Exactly and only the lines below from the one containing "G'day, tonight we're" down to the one containing "Hey everyone, so" are wanted, both included; please exclude every picture.

===== DATA SECTION

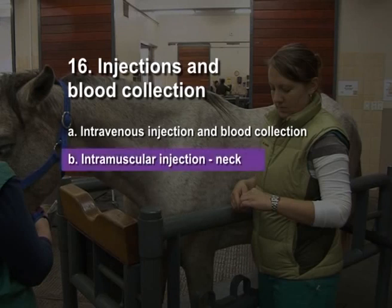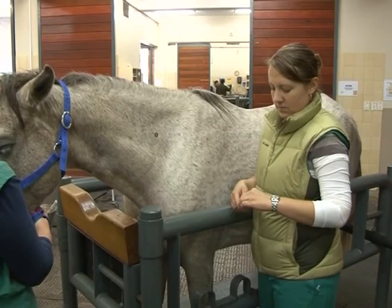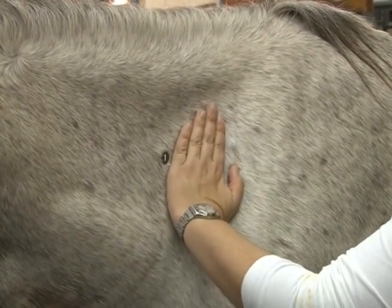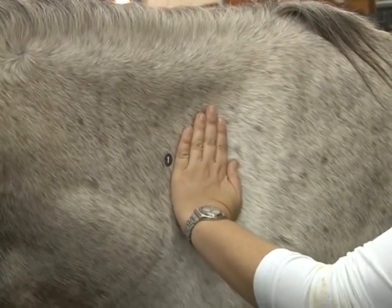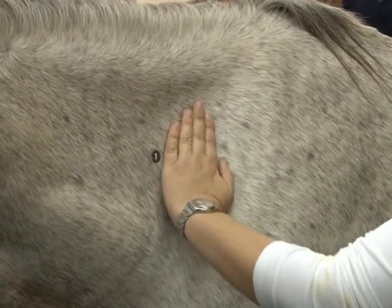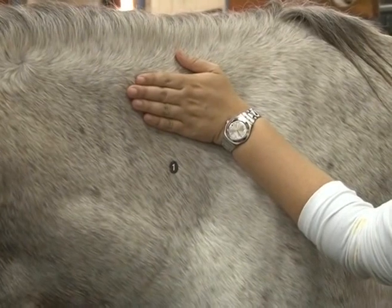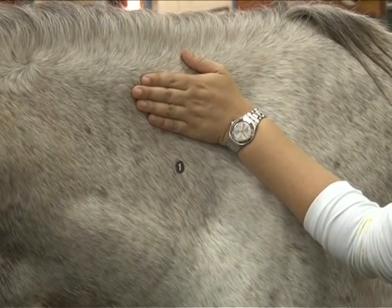Intramuscular injection — neck. Restrain the horse properly. In an adult horse, the area of choice is in the neck. Locate the injection site a hand's breadth in front of the shoulder or scapula, above the spinal column and below the ligamentum nuchae. If the skin at the injection site is grossly contaminated, it should be cleaned prior to injection.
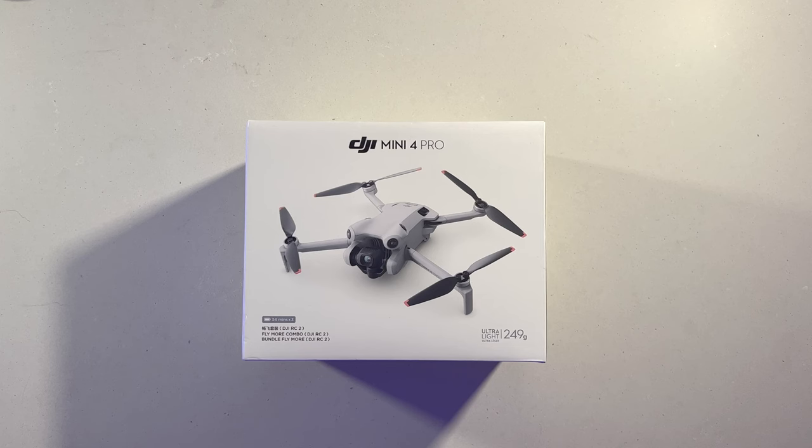G'day, tonight we're doing a quick unboxing of the new DJI Mini 4 Pro. This is purely an unboxing, so I won't have any reviews or comments on the actual quality, flight times, or anything like that. I purchased the DJI Mini 4 Pro Fly More Combo with the RC2 — this is the pack that has the three 34-minute batteries.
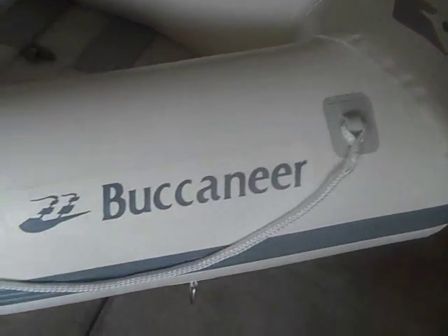Hello and welcome to the Matthew Matthew 222 on YouTube. Today I'm going to show you my Red Star Buccaneer I-300 boat. It's 8 feet 8 inches long, holds 3 people or 881 pounds, and has 3 air compartments.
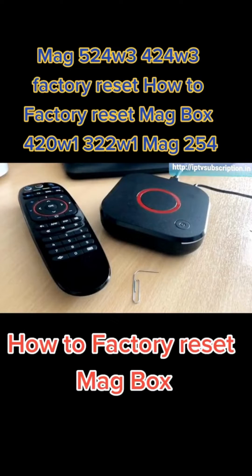Hey everyone, so in this video we're going to be resetting a MAG324 set-top box.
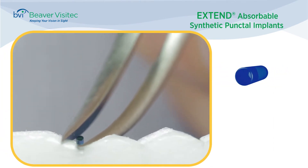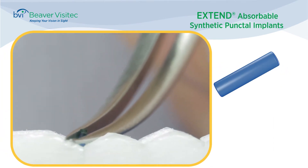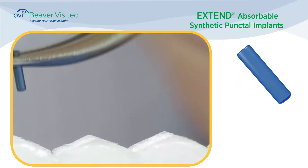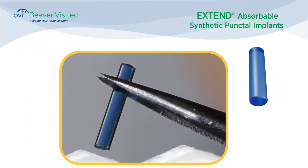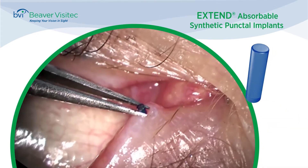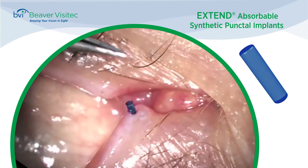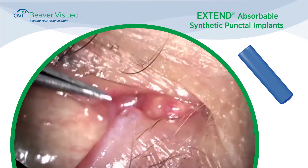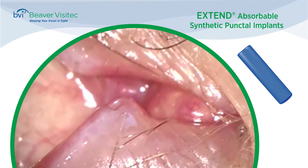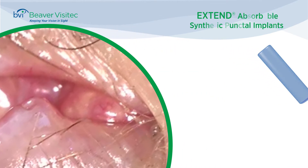Extend absorbable synthetic punctal implants are designed of a biodegradable material for mid- to long-term occlusion. To insert Extend, grasp the implant with forceps and insert partially through the punctal opening. Release and use the tip of the forceps to push the implant entirely below the lid margin and into the canaliculus. Following insertion, inspect to ensure the implant is below the punctal opening.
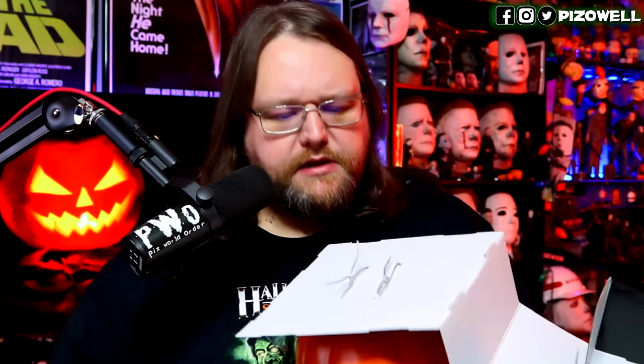Jolly Jack comes attached to this cardboard display with Halloween 3 on it — Trick-or-Treat Studios, Happy Happy Halloween. It features music from the hit film, or so it says on the box. You just pull it out like so, and it's attached thusly. Underneath here we have the little compartment for the batteries. Batteries are not included — three double-A batteries required.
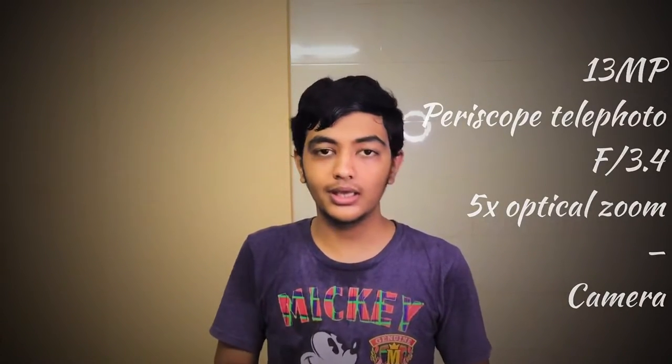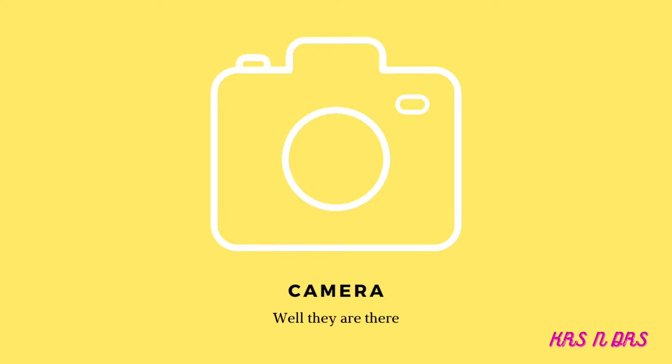Now let's talk about the camera. You are going to get a triple camera setup. Both the Mate 50E and Mate 50 share the same main cameras — 50 megapixel plus 12 megapixel — but the Mate 50 adds a new 13 megapixel periscope telephoto lens with OIS, f/3.4, and 5x optical zoom. The front camera is also the same.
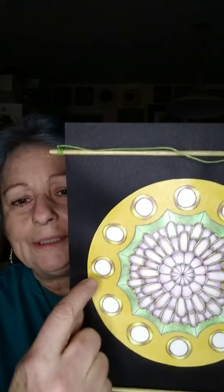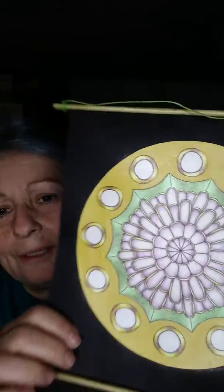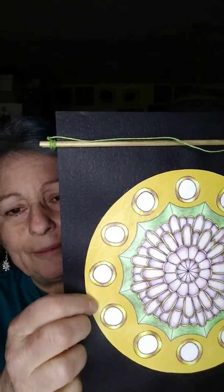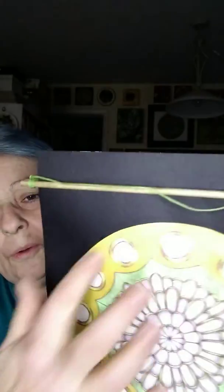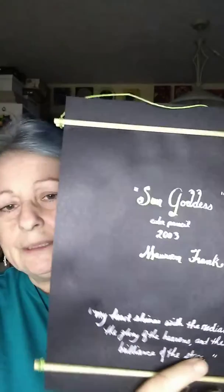I colored it from a page in one of my coloring books, and after coloring it I cut out the sun discs and added them to the design. The light I'm using tends to have more blue than yellow, making it look green, but it's really more of a mustard yellow color with a bit of shine. The mandala itself is on black paper with gold painted dowels and a green string to hold it up, and it's signed and dated on the back.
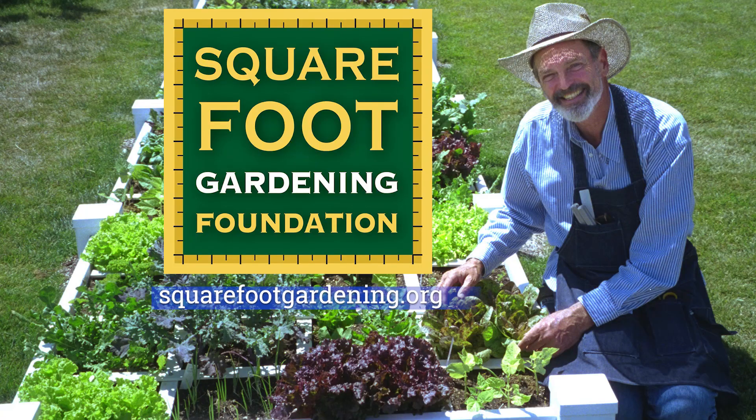So as you can see, compost is key, and although you can get started with square foot gardening by using store-bought compost, we really recommend that you start composting for yourself. Visit our website at squarefootgardening.org.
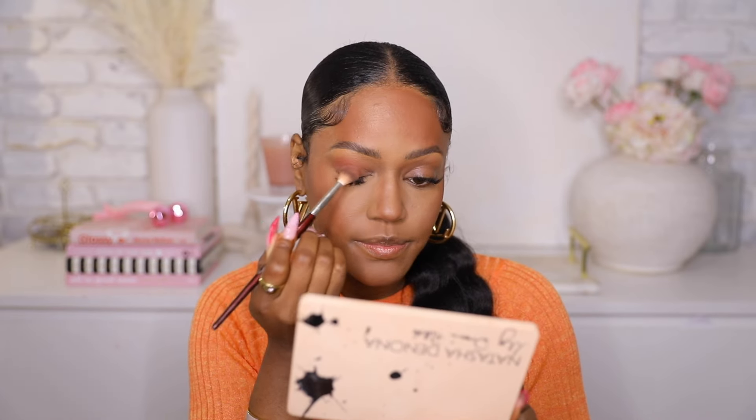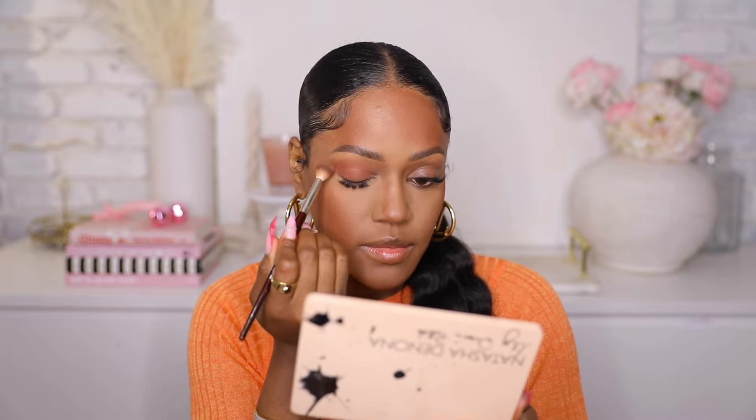I'm gonna do a little eyeshadow. I love doing a bronzy eye look and I want to keep it in the peachy bronze family, so I'm taking this shade called Carpe Diem from Natasha Denona — this is called the My Dream Palette. It's a really pretty brown shade with a hint of peach. I think it's perfect for a bronzy base. I'm also using this palette for a shade called Outer Corner on my eyelid — I'm going to spray it first. This is such a pretty bronzy shade, exactly what I was looking for — just a plain true bronze, no golds.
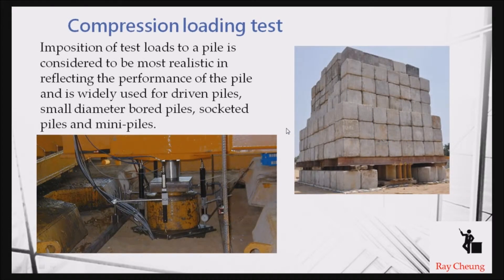The most common test you will see nowadays is the compression loading test. They apply a load — maybe two or three times the design requirement — directly onto the piles. You check all the down-gauge readings and make sure the reading does not exceed the allowable value. If it exceeds the allowable value, that means the pile is not good enough.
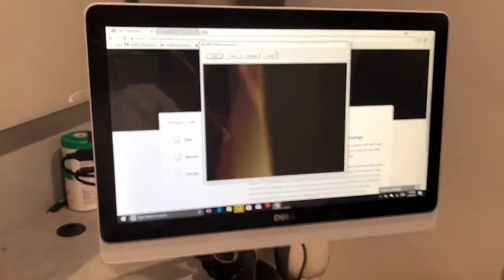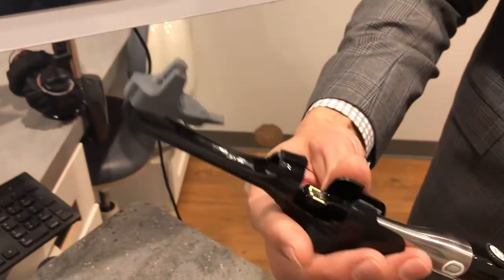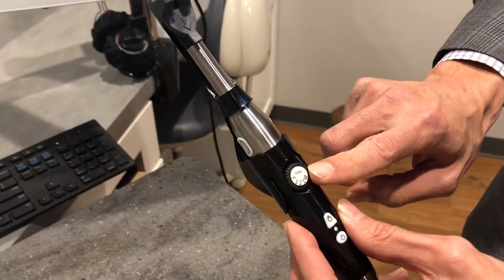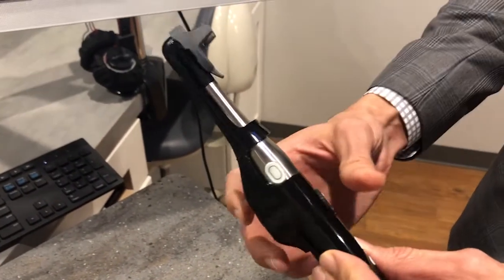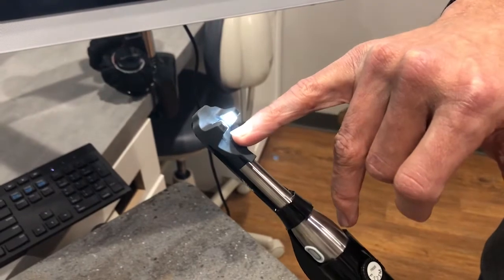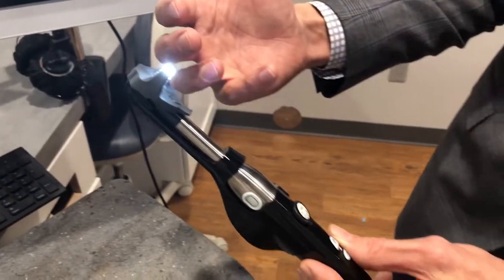When we have our image screen up, we're going to take the Loom device and simply attach it to the top of the existing Iris 2.0. You want to turn your light off on the camera, make sure the camera is set at the one setting, and then simply touch the button on the back to turn on your light.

==========

* **SOLUTION TO THIS EXERCISE**
G'day, tonight we're doing a quick unboxing of the new DJI Mini 4 Pro. This is purely an unboxing, so I won't have any reviews or comments on the actual quality, flight times, or anything like that. I purchased the DJI Mini 4 Pro Fly More Combo with the RC2 — this is the pack that has the three 34-minute batteries.
Hello and welcome to the Matthew Matthew 222 on YouTube. Today I'm going to show you my Red Star Buccaneer I-300 boat. It's 8 feet 8 inches long, holds 3 people or 881 pounds, and has 3 air compartments.
Hey everyone, so in this video we're going to be resetting a MAG324 set-top box.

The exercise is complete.